Chancellor Bennett has come a long way in life and in the rap game. Because of a school suspension, he’s grown into one of the most polarizing artists of our time as Chance The Rapper. Chance dropped his first mixtape 10 Day and followed up soon after with the critically acclaimed mixtape, Acid Rap. At only 20 years old, Chance was thrown into the spotlight to become the boy wonder of rap. All this praise and attention can turn young artists into fame hungry objects, but Chance didn’t lose himself in the spotlight; instead he made the light shine brighter than ever by staying independent and warding off the evils of labels. Throughout the years, we’ve heard Chance featured on a variety of tracks, most notably being a part of Donnie Trumpet’s debut Surf with The Social Experiment. Even with all his work in the Chicago-land area, it’s been a little over three years since Chance has made a solo project.

And then it happened.

You can hear the growth Chance has experienced as an artist and as a person from Coloring Book. This isn’t the same guy who was rapping on “Cocoa Butter Kisses” three years ago. Chance is now a proud family man and a validated public figure. Not only does he show this through his music, but also from all that he’s done for the city of Chicago; from his open mic nights to his coats for the homeless on the Warmest Winter project. One of the biggest factors to Chance’s new lifestyle is fatherhood. The day Chance’s daughter was born in this world was the day something was awakened inside of him, leading him to create a beautiful gospel-rap project all on his own.


Coloring Book‘s feature list is huge. Guests aren’t supposed to make the album unless you’re DJ Khaled, yet Chance managed to wrangle artists like Kanye West, Lil Wayne, Future, Justin Bieber, and Jay Electronica. Would the features add to the songs or be distracting is the question, but Chance executes exceptionally with his selections. While having a track titled “Mixtape” with Young Thug and Lil Yachty might seem cliche, it’s a genius move. Thugger has a habit of dropping a mixtape every other week and Yachty is coming off his eccentric debut. While most of the tracks are great with the heavy amount of features, it would have been nice to have a few more solo Chance tracks as “Same Drugs” is one of the best songs on the tape.

The variety of features shouldn’t dismay you from the tape being cohesive as a whole. From the gospel-like “D.R.A.M. Sings Special” interlude to the baby-makin R&B “Juke Jam” with Jbiebs and Towkio, while diverse, holds true to the album name while also leaving no tracks warranting a skip. If artists were colors, Chance is the brightest crayon in the box. He gets personal about his life on the project and at no point do you feel like Chance talks too much of himself. The project feels relateable on many levels, even if you haven’t known the same struggles.

Lyricism and Production

Lyrically Chance is crushing it. It’s hard to count how many times you have to make the “oh boy he done did it” face while listening. This doesn’t spare Chance as he has a few corny lines that are sprinkled throughout the tape. For instance on “All Night,” Chance spits “Last Girl, She’ll lie on the seat / She’ll fart on the seat.” There could have been a better way to go around this because the word “fart,” no matter how mature you think you are, catches you off guard on a project that also tries to reach you at a personal level. Every rapper has their corny lines though and it’s safe to say there are more winners than losers in this case.

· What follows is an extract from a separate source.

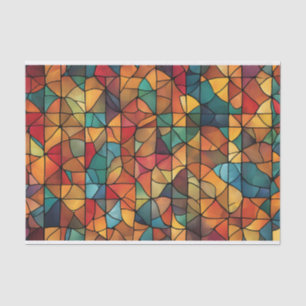 Abstract mozaïekpatroon tissuepapier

Production wise, the project is straight up beautiful. The cello on the end of “Summer Friends” is a perfect closing and shows that Chance is on a different level musically than a lot of artists, sonically demonstrating his exceptional ear.

Scars on my head I’m the boy who lived / The boy love playing when the boy too sick

Coloring Book is happy and bold. It’s uplifting. It’s about finding something new. A reincarnation of a man taking those next steps in his life. This is why the comparison and question of which is better, Acid Rap or Coloring Book, is irrelevant. They are both from different points in Chance’s life. Acid Rap was from a Chance who was ready to burst onto the scene and snatch the rap game in an instant, living life in reckless abandon. Coloring Book is from a Chance who has learned and grown from his past; he doesn’t need to come in by storm anymore. A lot can happen in three years and while Chance is sitting at the top, he’s able to appreciate things differently. While both tapes Acid Rap and Coloring Book hold their own sense of purity within them, there’s a certain joyfulness at the heart of both that which only Chance can create.